- Genre: Reality television
- Starring: Jill Spivack; Beth Bowen; Jen Bush; Meghan Conroy-Resich; Stefanie Fair; Leah Forester; Alisa Starler;
- Country of origin: United States
- Original language: English
- No. of seasons: 1
- No. of episodes: 8

Production
- Executive producers: Dan Cutforth; Jane Lipsitz; Mark Ford; Nadine Rajabi;
- Running time: 42 minutes
- Production company: Magical Elves

Original release
- Network: Bravo
- Release: April 20 – June 8, 2016

= There Goes the Motherhood =

American reality television series

There Goes the Motherhood is an American reality television series that premiered on Bravo on April 20, 2016. The show features six mothers who go on an eight-week parent education course guided by parenting expert Jill Spivack.
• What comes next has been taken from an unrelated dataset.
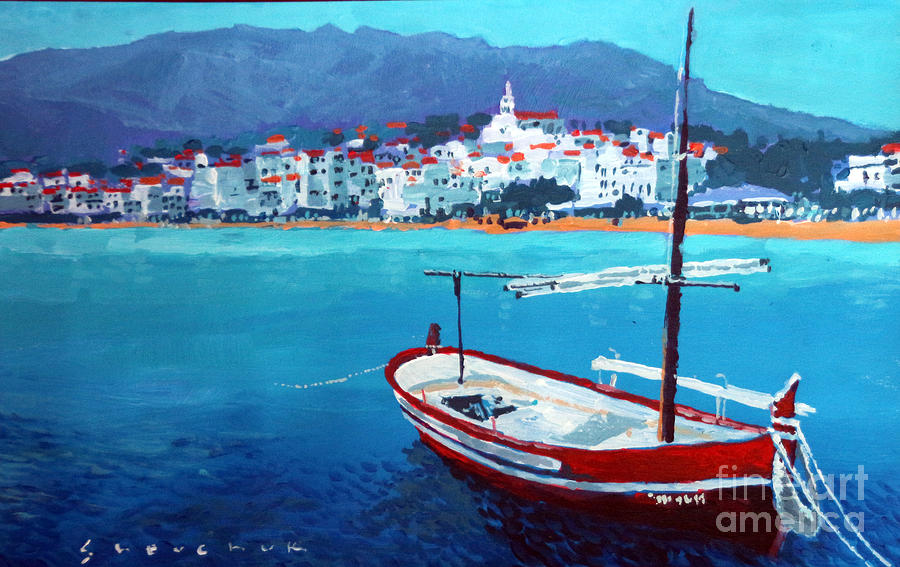 900x567 Spain Series 08 Cadaques Red Boat Painting By Yuriy Shevchuk - Red Boat Painting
The cast include Beth Bowen, Jen Bush, Meghan Conroy-Resich, Stefanie Fair, Leah Forester, and Alisa Starler.

== Episodes ==

| No. | Title | Original release date |
|---|---|---|
| 1 | "Welcome to Mommy Group" | April 20, 2016 |
| 2 | "Make Good Choices" | April 27, 2016 |
| 3 | "Mind Your Manners" | May 4, 2016 |
| 4 | "Forty Not-So-Wonderful" | May 11, 2016 |
| 5 | "I'm Sorry, But..." | May 18, 2016 |
| 6 | "Mommy Dearest" | May 25, 2016 |
| 7 | "Are You My Baby-Daddy?" | June 1, 2016 |
| 8 | "Better Version of Me" | June 8, 2016 |

==Reception==
Common Sense Media rated the show 3 out of 5 stars.